Tuesday, 8 September 2015

Gold price steady, China adds more metal to reserves

Otmane El Rhazi from The Bullion Desk.

Gold was steady on Tuesday morning in London around $1,120 while investors remain on the sidelines ahead of the Federal Open Market Committee meeting next week.

The spot gold price was little changed at $1,120.50/1,120.90 per ounce, still around its lowest in two weeks. Trade has ranged narrowly from $1,118.70 to $1,122.20 so far.

“Since next week’s meeting could point the way forward (the Fed may raise interest rates again for the first time since mid-2006), gold is unlikely to do much else until then,” Commerzbank noted.

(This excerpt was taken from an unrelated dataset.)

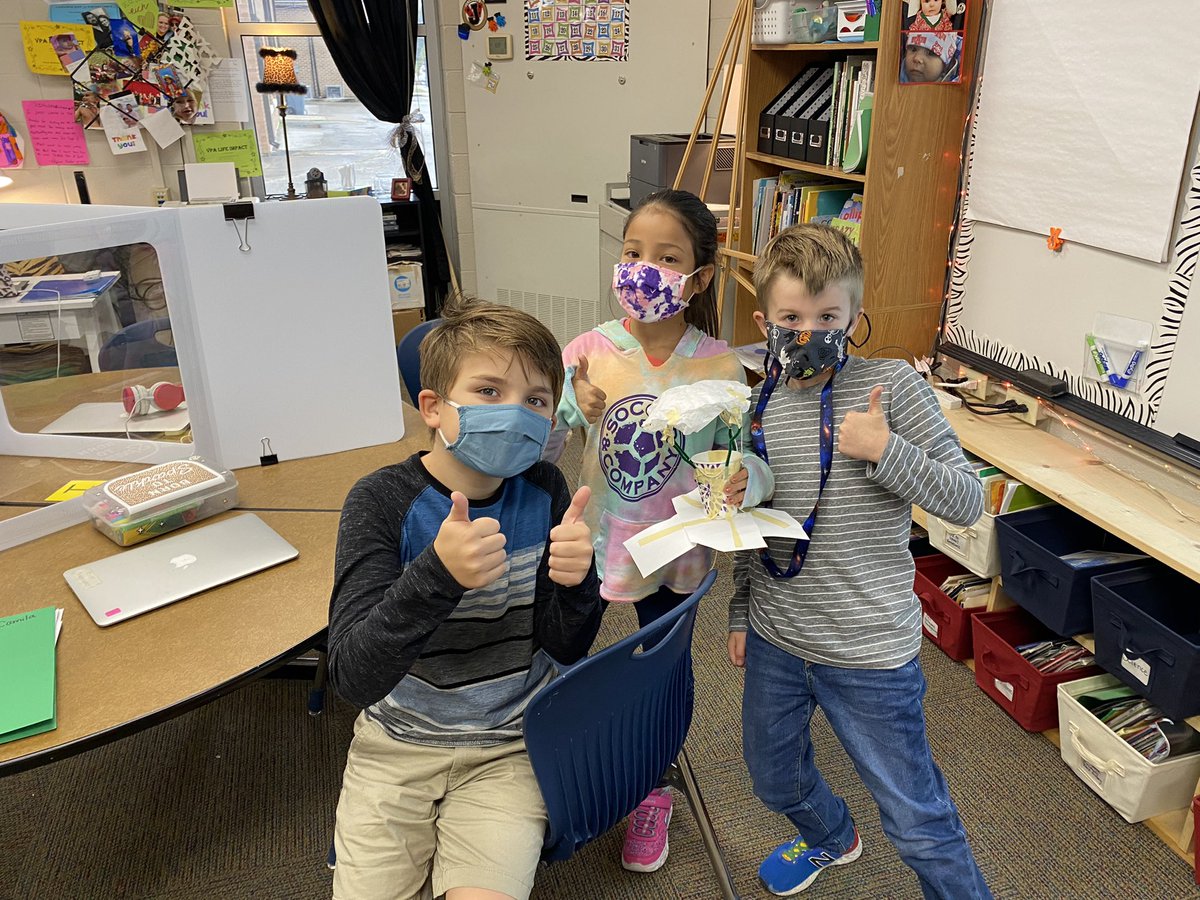 VPA_ACE's tweet photo. ACE students trying to save their baby spiders with their STEM Spider Parachutes!!🕷🕸#caneclassroom #vparocks https://t.co/xIrQUGsLQI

The odds of the US central bank lifting rates from near-zero levels this month is at 32 percent, ANZ Research said on Tuesday in a report.

“The market seems to be betting that concerns over the Chinese economy and the associated financial market volatility will be enough to stay the Fed’s hand, although there are sound domestic grounds for the Fed to start hiking,” it said.

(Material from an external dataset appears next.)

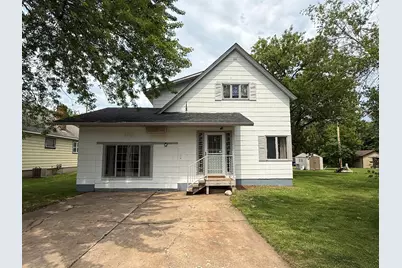 410 W 2nd Avenue, Keewatin, MN 55753 - Photo 2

The latest Chinese trade data further underlined the slowing pace of growth in the country – imports fell 14.3 percent in August in yuan-denominated terms while exports fell 6.1 percent.

“Although we feel the precious metals are oversold, especially the industrial precious metals, investor appetite remains weak,” FastMarkets head of research William Adams said.

“Gold is in the same boat but it may be thrown a life-line if investors start to get more concerned about the contagion from China and the impact that has on emerging market economies and currencies,” he added.

China increased its reserves of gold by 16 tonnes in August on top of the 19 tonnes added in July, the People’s Bank of China (PBoC) said.

This is the second monthly update since the PBoC said it would follow the IMF’s reporting system on state reserves although the news “went virtually unnoticed by the market”, Commerzbank noted.

In other economic data, the German trade balance was better than expected but the French number disappointed. The EU revised GDP for the second quarter was 0.4 percent against the previous 0.3 percent.

Data from the US this afternoon includes the NFIB small business index, the labour market conditions index and consumer credit.

In the other metals, silver was little changed again at $14.66/14.71 per ounce, while platinum climbed $12 to $996/1,001 and palladium at $586/591 was $7 higher.

According to the World Platinum Investment Council (WPIC), the platinum market was better supplied in the second quarter than in the first due to higher mining production in South Africa and increased recycling supply from the automotive and jewellery industries.

The WPIC expects a supply deficit of 445,000 ounces for the year as a whole – considerably higher than its May estimate, Commerzbank noted.